Short text fragments from websites
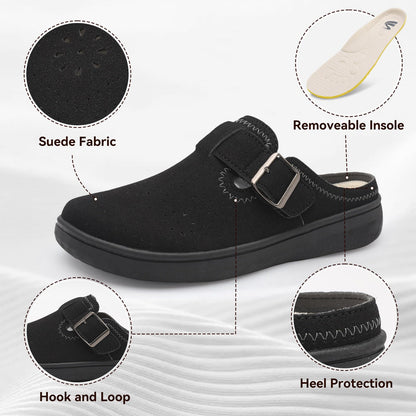 Spesoul Clogs for Women Wide Width Slip On Mules Slide On Potato Shoes Diabetic Slippers Closed Toe Zero Drop for Swollen Feet Summer Indoor Outdoor
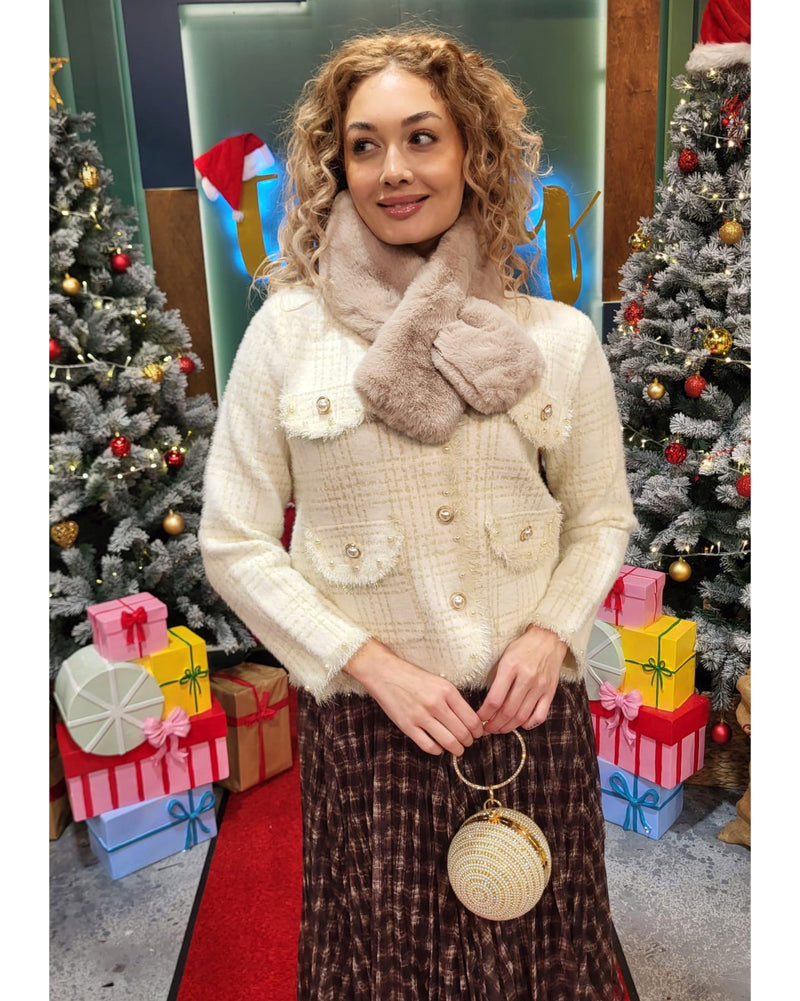 Audrey Pearl & Crystal Sphere Clutch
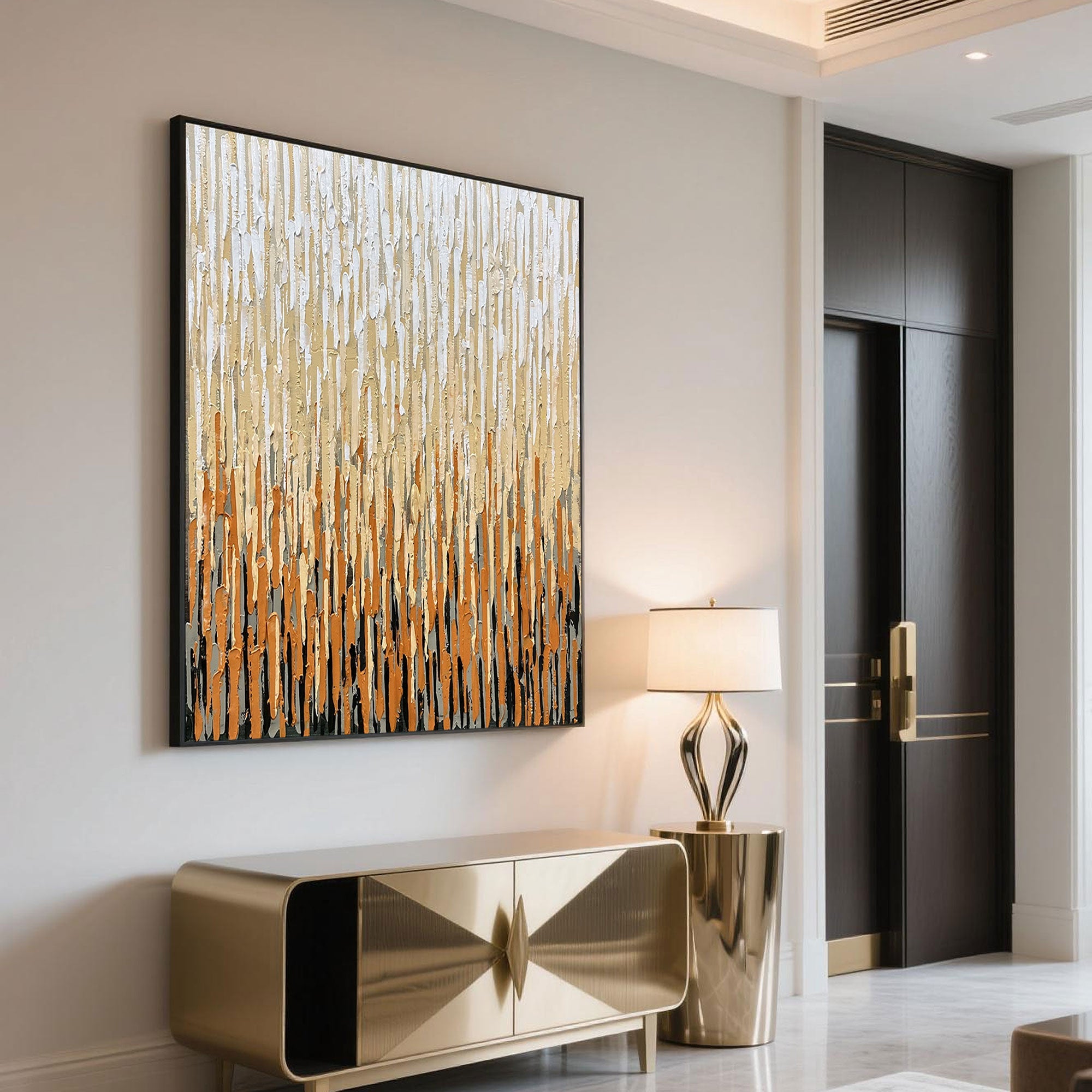 Large square abstract wall art in warm neutral colors for living room or home gallery decor.
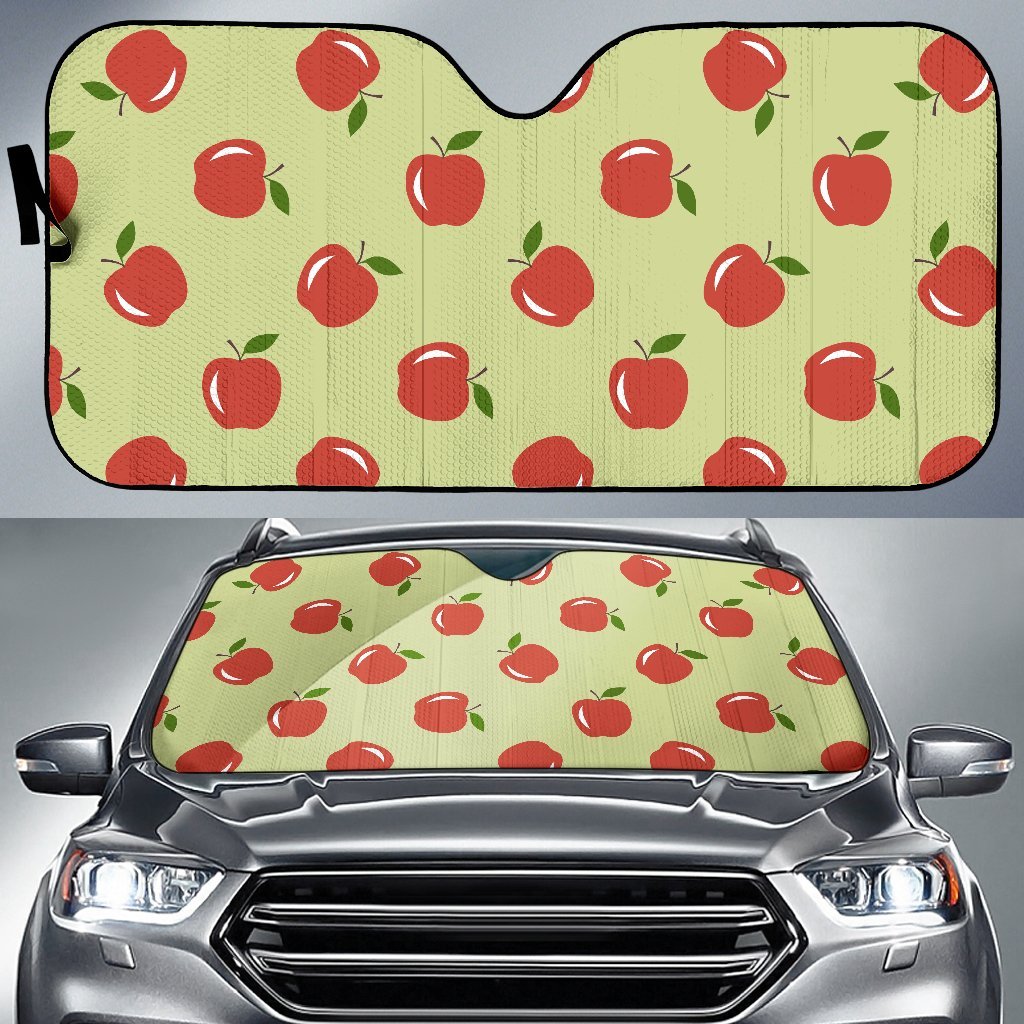 Red Apple Print Pattern Car Sun Shade-grizzshop
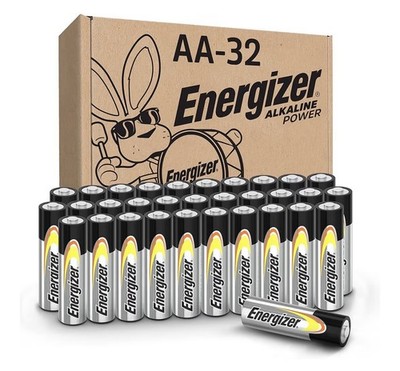 Energizer AA Batteries Alkaline Power, 32 Count Alkaline Double A Battery Pack.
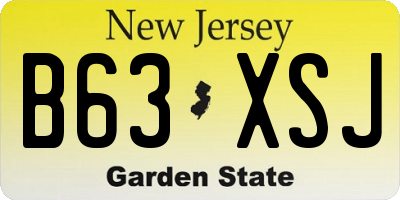 NJ license plate B63XSJ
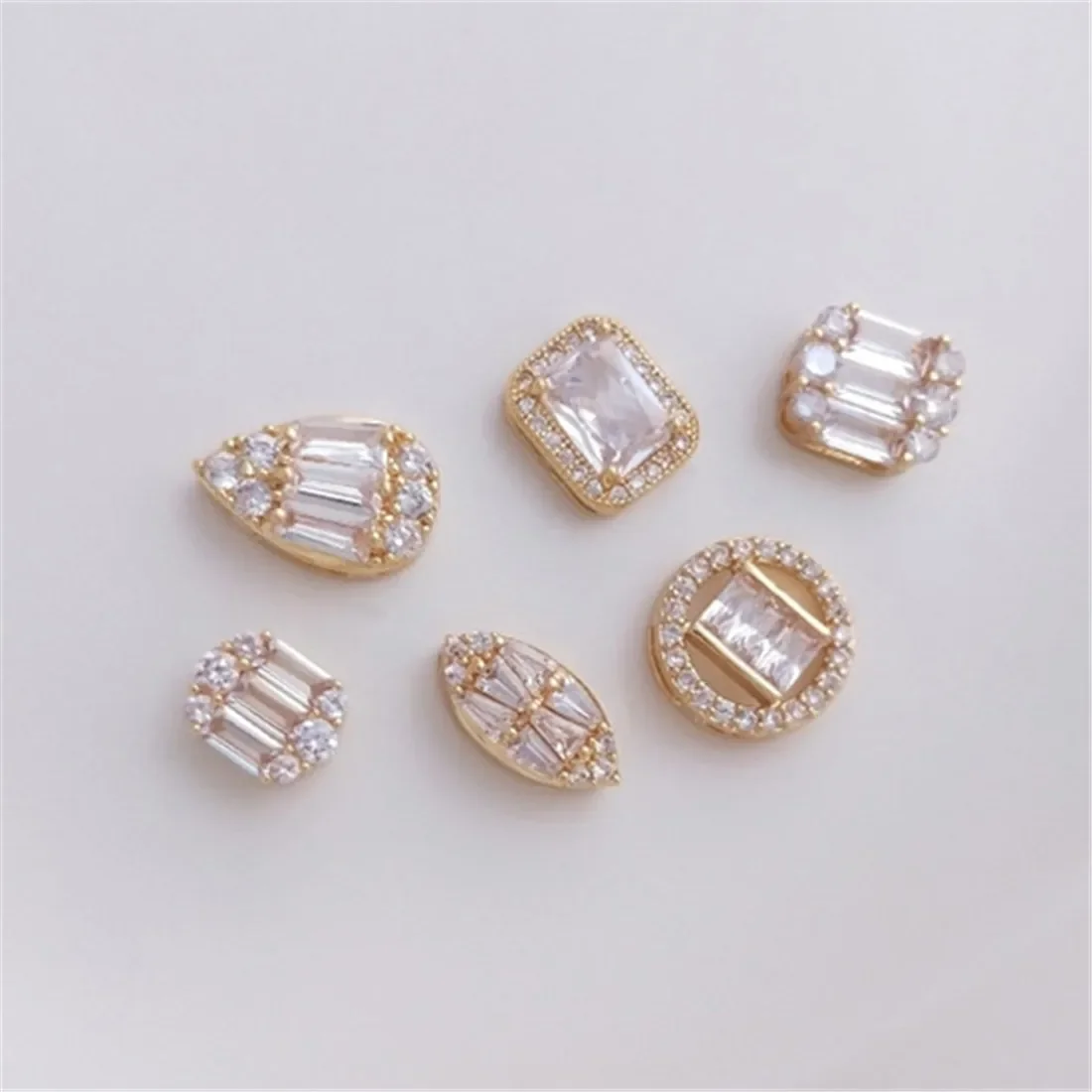 14K Gold-filled Micro-inlaid Zircon Square Round Marquise Teardrop Ornament Bead Pendant DIY Beaded Accessories C268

▶ _Required action_: Without carrying over any pictures, retype the records above exactly.

▶ _Answer_:
 Spesoul Clogs for Women Wide Width Slip On Mules Slide On Potato Shoes Diabetic Slippers Closed Toe Zero Drop for Swollen Feet Summer Indoor Outdoor
 Audrey Pearl & Crystal Sphere Clutch
 Large square abstract wall art in warm neutral colors for living room or home gallery decor.
 Red Apple Print Pattern Car Sun Shade-grizzshop
 Energizer AA Batteries Alkaline Power, 32 Count Alkaline Double A Battery Pack.
 NJ license plate B63XSJ
 14K Gold-filled Micro-inlaid Zircon Square Round Marquise Teardrop Ornament Bead Pendant DIY Beaded Accessories C268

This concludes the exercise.